Once this project had been approved it set the precedent that water underneath private property belonged to the surface property owner, allowing corporations to privatize a natural resource – making quick millions while killing off the regional ecosystems that have developed and been stewarded for millennia. As the Mojave desert dried up, the Joshua Tree communities began to be affected. Though the majority of aquifers they relied on were in Joshua Tree National Park, after two years of Trump’s military-heavy and ecologically light budget, the USA was in the type of debt that banks didn’t want to loan to and the price of the dollar fell sharply. Desperate, Trump did what any cutthroat capitalist would do: privatize government to “balance the budget” while still ignoring that 75% of the budget was spent on the military for guns and bombs. Schools, prisons, post offices, and parks were a few of the many things that became privatized. When the National Parks went up for bid to private corporations it was mining and water companies that bid highest to get at the minerals and other natural resources that were being conserved by the Parks. This blew open the floodgates, creating an open season for drilling, mining and exploiting the planet. The aquifers under the Joshua Tree National Park were some of the first to vanish, since, without increased conservation efforts, coastal Southern California was insatiably thirsty.

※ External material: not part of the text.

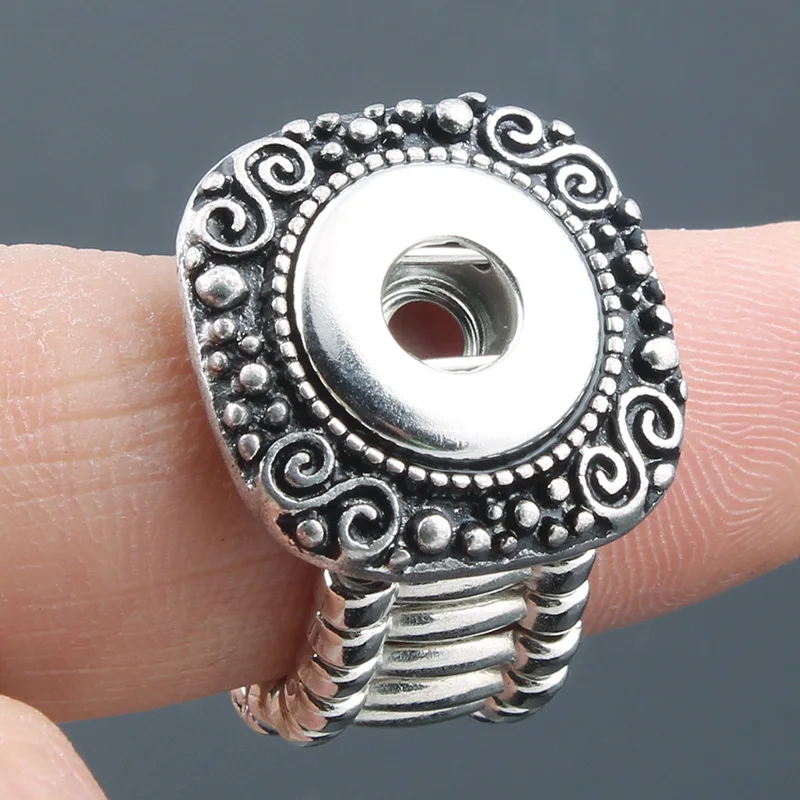 Vintage Snap Jewelry Antique Silver Plated 12MM Snap Rings Adjustable Elastic Ring fit 12MM Snap Jewelry Rings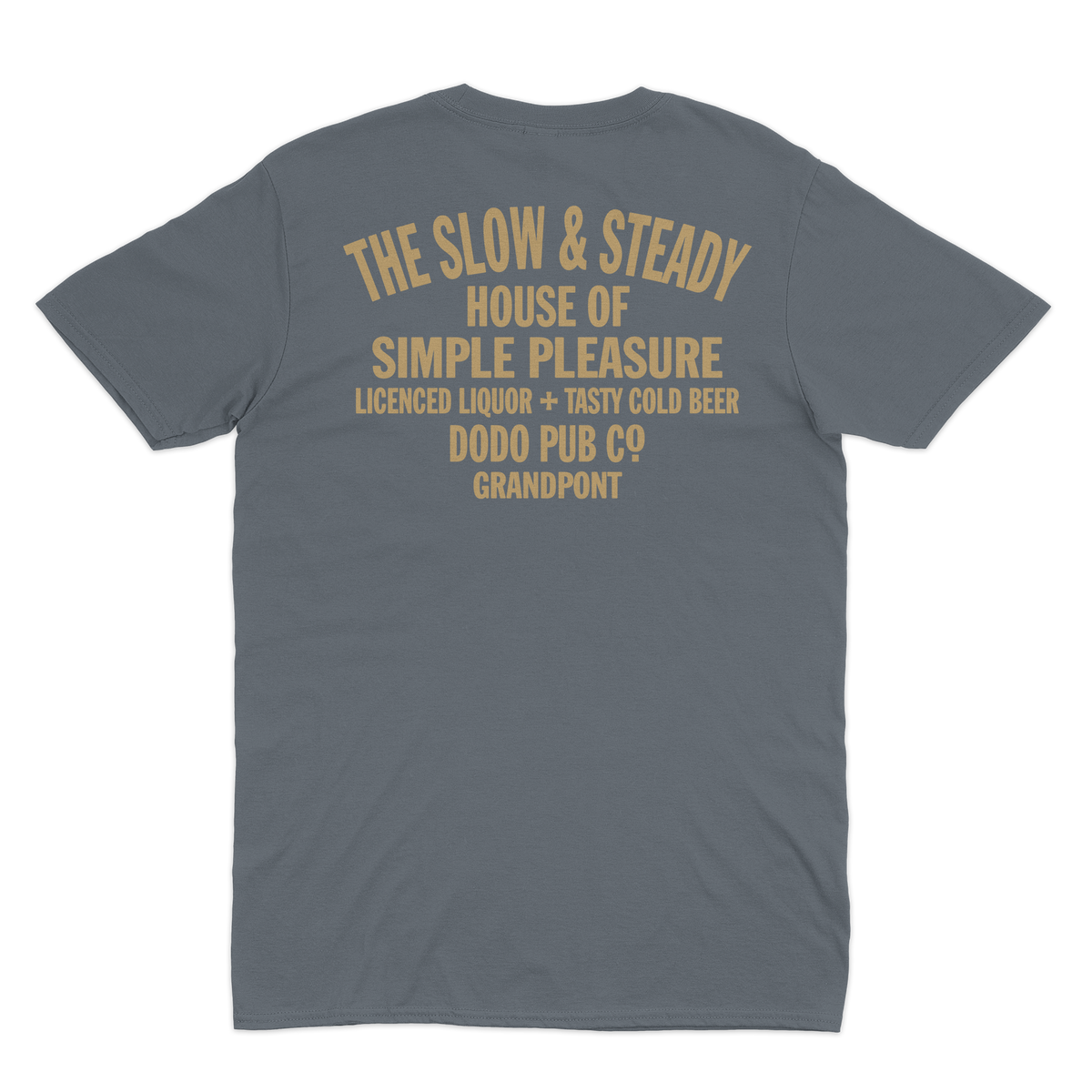 Back of a dark grey The Slow & Steady T-shirt from Dodo Pub Co, Grandpont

With groundwater depletion now the order of the day, ecological chaos ensued, ecosystems crashed and the flora and fauna that had once brought over 2 million visitors to Joshua Tree National Park were devastated, their populations falling below recovery. Even worse is that the aquifers in the San Andreas fault that dried increased the plate tectonic activity and the risk of earthquakes. Thus we find ourselves in this spreading state of financial, ecological and physical instability.
In just a few years, the actions of a greedy government and short-term profiteers, which ignored the ecological wisdom of the scientists and Native people, had ruined the desert ecosystems and communities of Southern California.
Now what will we do?
This is science-based fiction, all the facts presented here are real and the outcomes of the future though have not happened yet are plausible realities based on these facts presented and the trajectory we are on. The facts come from credible sources (that are linked directly in the article) as well as interviews with the following experts: lleene Anderson, Senior Scientist/Public Lands Deserts Director at Center for Biological Diversity, and officers of the scientific resource division in Joshua Tree National Park, whose names will not appear as the new Federal government doesn’t allow them to talk about climate change with the public.